Oropeza, en un primer momento, decide recorrer los territorios antaño transitados por Raúl —a quien dedica el libro—, buscando dar con los detalles de una vida que, prontamente truncada, se vuelven igual de escasos como esquivos, y al hacerlo, no puede sino que aproximarse a una profunda conciencia de lo fatal. Situación reconocible desde el primero hasta el último de sus versos:
Regresar a la vieja estación
para darse cuenta
de que lo único que queda de nosotros
son cristales rotos y vagones abandonados a su suerte
que acabaron anclados en la hierba y en el barro.
La tierra que agreste con el tiempo todo lo cubre, deviene entonces en confirmación de la pérdida. Trunca la posibilidad de reconocer entre las ruinas la figura del padre. Y el autor da por concluido su propósito nada más iniciado. Lo abandona, entendiendo que su ilusión solo es posible de concebir en el plano de la expectativa, y que la realidad como tal, no hará más que comprobar la voluntad de su capricho. Y ante esto anota:
Un rumor de trenes
mantiene la esperanza de que suceda algo.
[...] devolviéndonos a casa sin haber hallado nada.

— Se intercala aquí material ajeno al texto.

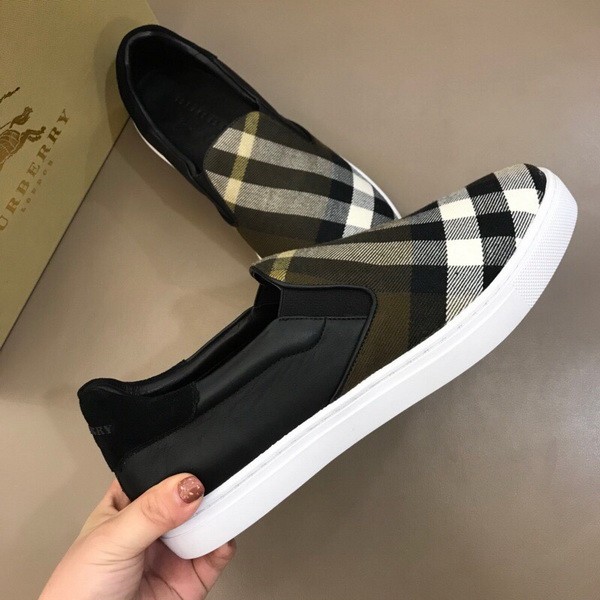 Burberry men shoes 1:1 quality-247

El viaje, tras este infortunado hallazgo, se emprende de regreso al hogar con el paisaje en reversa, igual como lo hace quien sobre los rieles prefiere dar la espalda a la cabina del conductor. Por lo que a partir de entonces, Oropeza pareciera asumir que no puede más que entregarse al duelo, al extrañamiento y a la distancia del padre impedido de otorgar respuestas por cuenta propia. Y reformula su recorrido hacia un territorio en el que toda certeza resulta cuestionable. En el que la familia se ve transformada en un refugio tan frágil como la memoria. Y en el que el mundo entero se reduce a un lugar incómodo y hermético, donde incluso la palabra termina por resultar hostil.
De este modo, por una parte, se configura en Ferro una escritura que increpa tanto a la experiencia como al autor. Que en su contrariedad rechaza todo posible alivio y centra su atención en lo desfavorable, en lo inconcluso y en lo errático, permitiéndose desde ahí un lento acomodar de las cosas en su nuevo sitio. Un lugar en el que se sabe nunca terminarán de encajar. Por lo tanto, lo reconocible es rabia en lugar de nostalgia. Y en medio de esa rabia, lucidez y, finalmente, una aciaga resignación:
Se sabe que se va a perder
se ha apostado por un camino mal iluminado
lo único que buscábamos era borrarnos de la memoria de los demás.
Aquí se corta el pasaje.